Review – Dishonored: Dunwall City Trials
I’m probably the worst candidate to review Dunwall City Trials… either that or the best, I honestly can’t tell. The point is that I’m the sort of guy who will gladly spend close to an hour shooting falling tanks of whale oil. Sure, like everyone else I laughed at the notion that the DLC to one of the year’s most brilliant games could feature such a ridiculously inappropriate challenge, but then the game awarded my original attempt with an insulting one out of three stars and I had to try again!
The idea behind Dunwall City Trials is pretty self evident. While Dishonored saw players bestowed with all manner of skills, supernatural and otherwise, Dunwall City Trials simply provides situations to explicitly test them. The ten challenges are roughly divided into four types – stealth, combat, puzzle and movement – and it soon becomes clear which challenges are inspired and which are more throwaway. Unfortunately for me, I find even the latter irritatingly compelling.
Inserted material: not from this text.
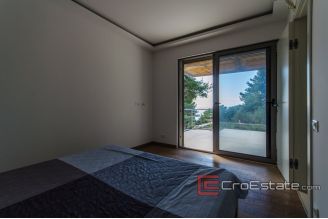 20 2011 90 Brac house sea view for sale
The throwaway lot are undoubtedly spearheaded by the aforementioned ‘Oil Drop’, but for all its absurdity the challenge at least serves its simple purpose with some aplomb. Rather, it is a couple of the movement challenges which prove the real disappointment of Dunwall City Trials. One sees you race a train from A to B, while the other randomly throws checkpoints about a broken section of the city, which, like all of the DLC’s arenas, mysteriously hangs in the void.
Both of these trials centre on Corvo’s ability to ‘Blink’ (instantaneously teleport) a fair few metres ahead of himself, and end up frustrating because the ability isn’t streamlined enough to be applied to a racing challenge. Where in the main game it felt like you could use blink either precisely or quickly, Dunwall City Trials asks players to battle with a limited mechanic to achieve both.
Elsewhere though, Dunwall City Trials does provide challenges suitably worthy of Dishonored. There is, for example, a Thief-style mission which scores players based on their ability to silently strip a mansion of everything shiny. ‘Mystery Foe’, on the other hand, sees players skulking around in search of enough information to identify, and eventually assassinate the target.
Good though the stealth challenges are, I can’t help but feel that they are outdone by Dunwall City Trial’s best combat entry, ‘Back Alley Brawl’. The concept of pitting Corvo against waves of enemies in a tight (but thankfully vertical) arena may not score any points for innovation, but it does highlight the game’s incredibly fluid, and too often overlooked, combat.
But what really makes Dunwall City Trials worth its £3.50 asking price is its absolutely unique puzzle challenges. In one, your targets are rendered unresponsive mannequins placed around the arena for your murderous pleasure. The twist is that you have to kill each target within three seconds of the last, a feat which requires extensive planning, speedy application and just a pinch of luck. These requirements also apply to ‘Bend Time Massacre’ where you are are placed as a voyeur and must pick the moment to temporarily freeze your targets in convenient positions. Cue massacre.
Splitting Dishonored into its many possible play-styles is a controversial move for a game which emphasises player choice and narrative but, generally, Dunwall City Trials does a good job of highlighting the sorts of fun which Dishonored has to offer – that is, super-powered sorts of fun – which too many of us (including myself for a time) ignored in attempt to play the game as if it were a new entry in the Thief series. It also goes without saying (and yet I’ve said it!) that Dunwall City Trials also scores your attempts at barrel-shooting and back alley-brawling, so masochistic people like myself might enjoy that.
Summary: Something of a mixed bag, Dunwall City Trials isn't essential DLC. But so long as you're not put off by its shallow basic concept, you will undoubtedly enjoy more than a few of its challenges and compulsive sorts will get ample extra play-time to justify its small price.